Bangladeshi Law on Wills: A comparative study

A will is a document that consists of the legal declaration of how a person wishes his property to be used after his death. Unlike a Trust which takes effect right after it is created, a Will becomes enforceable only upon the death of its creator. The maker of the will is called a ‘Testator’, while the one appointed to carry it out is called ‘Executor’. A ‘legatee’ is the one who receives the will property.

In Bangladesh, the law relating to wills is a combination of legislative and religious guidelines. Generally wills in Bangladesh are regulated by the Succession Act 1925. But due to the leniency of requirements and preference of majority, the Muslim Personal Laws on this issue are more prevalent in this country. Executing a will or (Wassiyyah) is one of the four obligatory duties performed for the deceased in Islam.

A Muslim is allowed to bequeath only 1/3 of his property by writing a will. The intention of the testator must be clear that the wasiyyah is to be executed after his death.

According to section 2(h) of the Succession Act 1925 a will means “the legal declaration of the intention of a testator with respect to his property which he desires to be carried into effect after his death.” According to the Sahih Al-Bukhari, ” It is the duty of a Muslim who has anything to bequest not to let two nights pass without writing a will about it.”

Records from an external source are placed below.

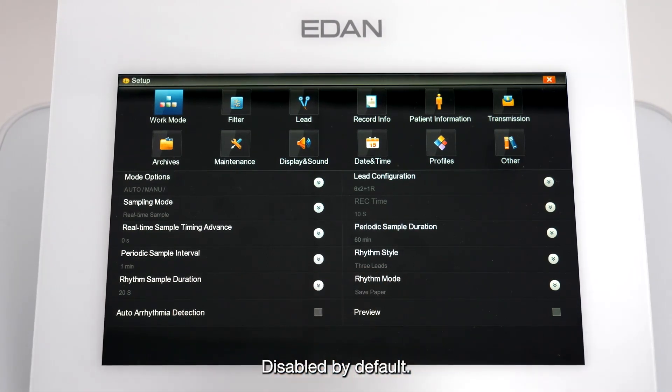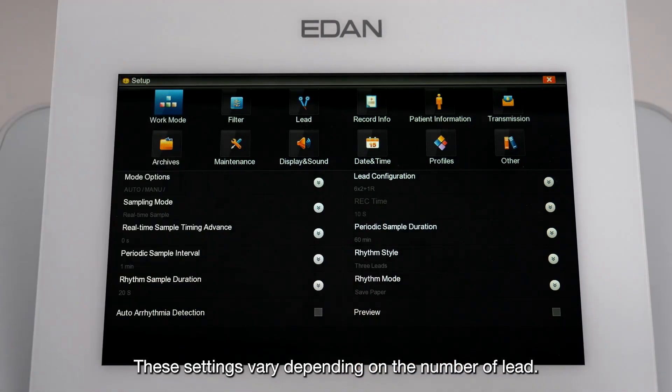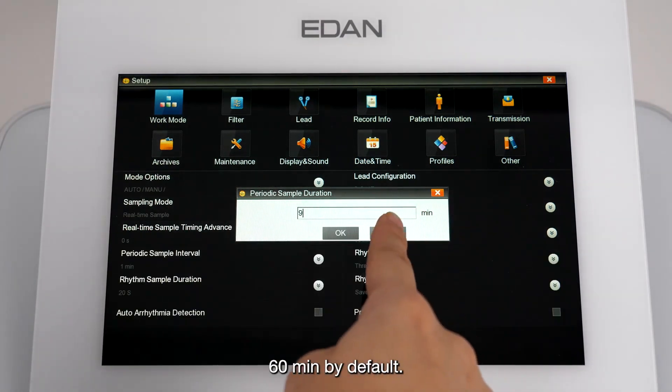Auto-arrhythmia detection is disabled by default. You can change the lead settings in the lead configuration submenu; these settings vary depending on the number of leads. Click the Periodic Sample Duration button to change the settings — it can be set to a value between 0 and 60 minutes, with 60 minutes as the default.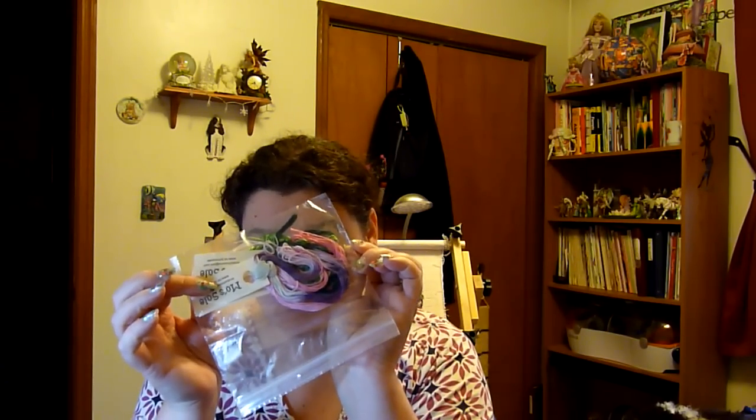I wanted to show people who don't watch all the Google Hangouts — and I can't remember if I showed this in my last one — but I got some mose threads: two silks and two cottons.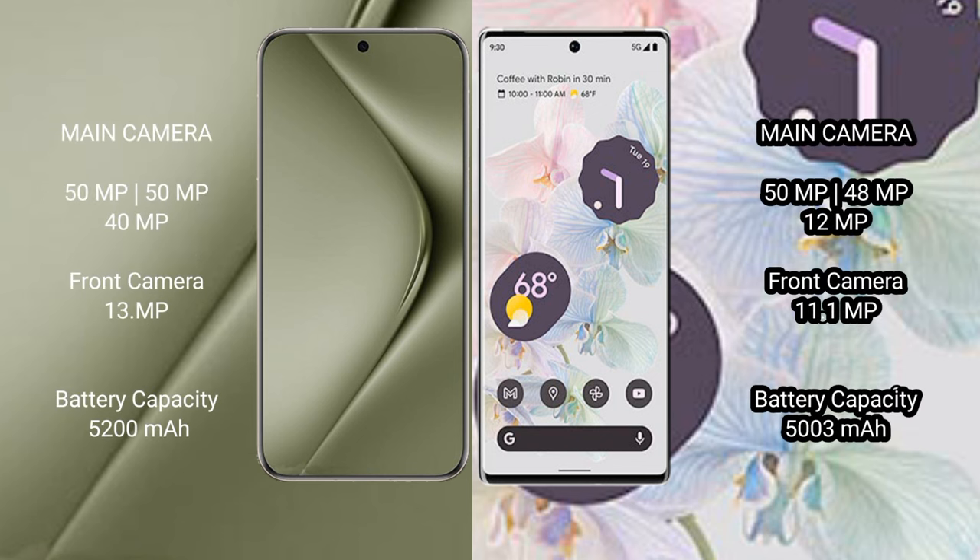The Huawei Pura 70 Ultra features a triple rear camera setup: 50MP plus 50MP plus 40MP, and a 13MP front camera. The Google Pixel 6 Pro also features a triple rear camera setup: 50MP plus 48MP plus 12MP, and an 11MP front camera.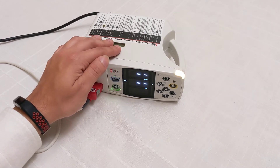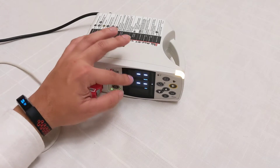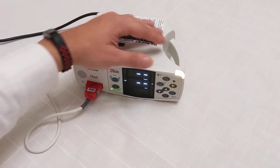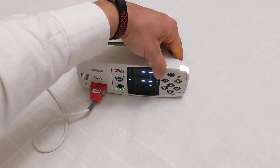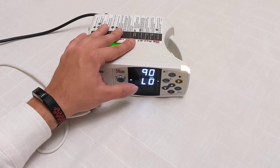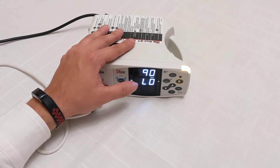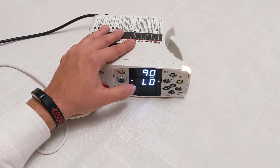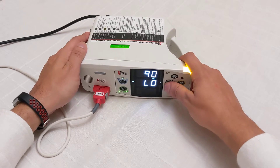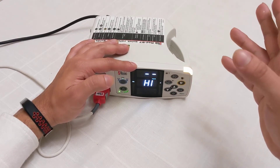There's a way to set the alarm to go off at certain percentages, and the way to do that is with this little alarm-looking button with the up and down arrows. The first one is SpO2 at 90 — that's the default for this machine. If your patient falls below 90% SpO2, the machine will begin to beep. You can adjust it by clicking the up and down arrows.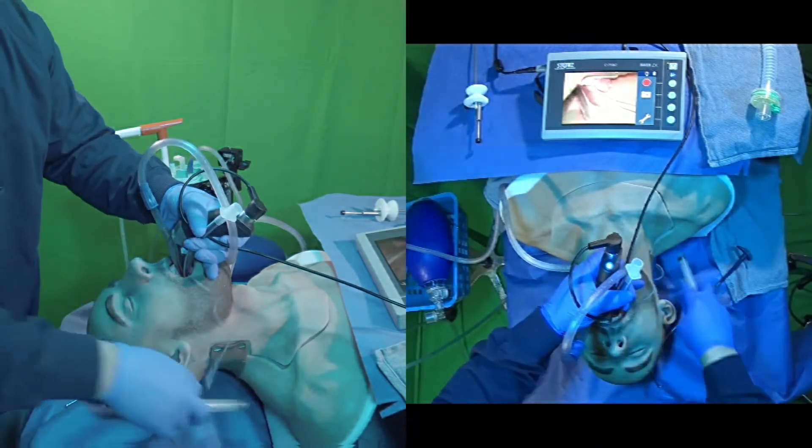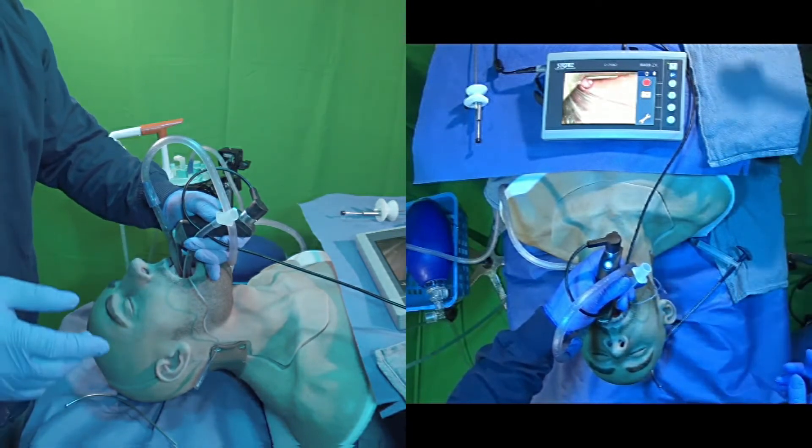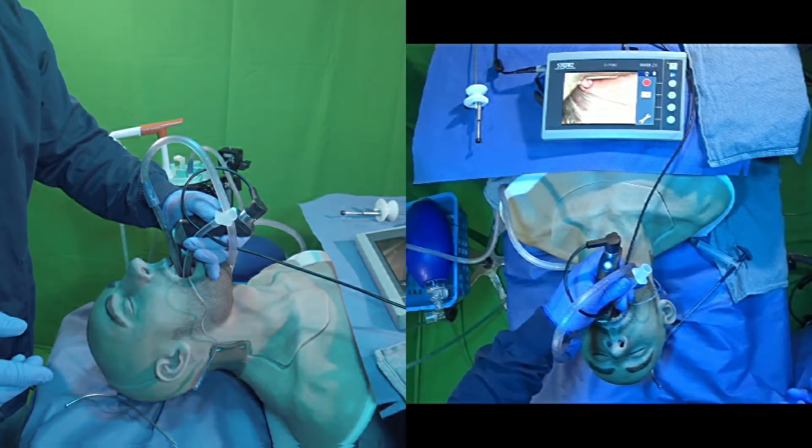Now, we know that the airway was soiled when we started, so we have to assume that some of the aspirate probably made its way down into the trachea.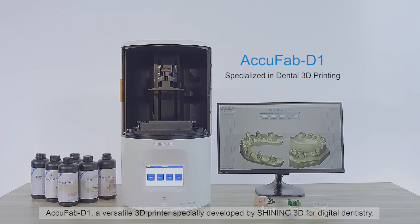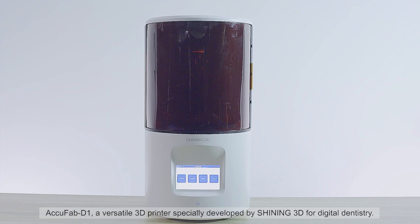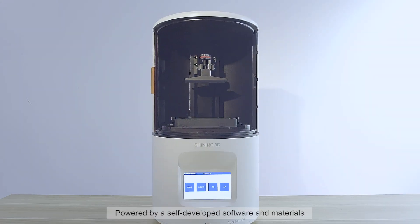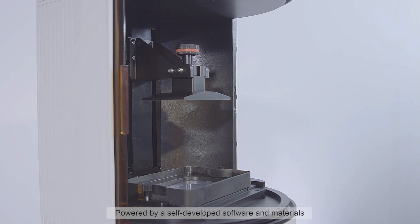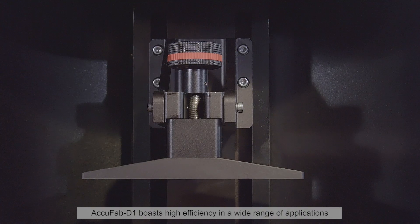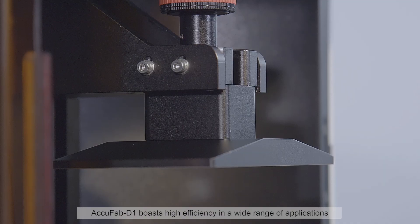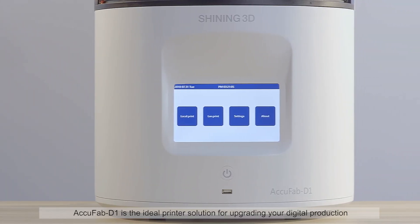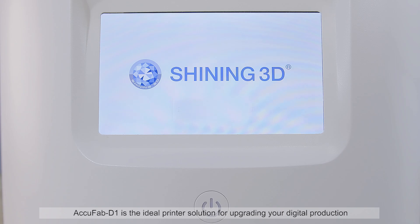AccuFab D1, a versatile 3D printer specially developed by Shining3D for digital dentistry. Powered by self-developed software and materials, AccuFab D1 boasts high efficiency in a wide range of applications. AccuFab D1 is the ideal printer solution for upgrading your digital production.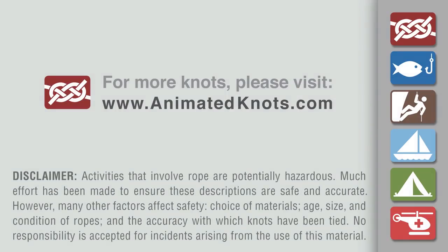For more information about this knot and many others, and to learn about our mobile apps, please visit animatedknots.com.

According to section 59 of the Act, Every person of sound mind not being a minor may dispose of his property by will. Under section 3 of the Majority Act 1875 in Bangladesh, a person attains adulthood at the age of eighteen. Therefore, under the Succession Act, anyone above eighteen is eligible to make a will. But under Islamic rulings, an adult who has reached the age of fifteen is also eligible to make a will.

Section 63 of the Succession Act states that a will must be in writing, signed by the testator and attested by at least two witnesses. But under Muslim personal Laws, A will may be in the form of oral or written and if the will is in writing need not be signed if signed need not be attested. But like the above section, the requirement of two witness is same in Muslim laws.

A probate is obtained to authenticate the validity of the will and it is the only proper evidence of the executor’s appointment. Under section 227 of the 1925 Act, the court granting the probate of a will will establish it and make all the acts of executor valid. The receiver needs to file a probate suit before the District Judge Court to make the will effective. However under Islamic provisions, there is no such requirements.

Both the 1925 Act and Muslim personal law states that revocation of a will is only possible if the testator makes a subsequent will.

Both set of rules regarding wills work together in executing them legally. There are many similarities and dissimilarities between the two. Both the law exists in harmony and is in practice albeit limitations yet to be noticed.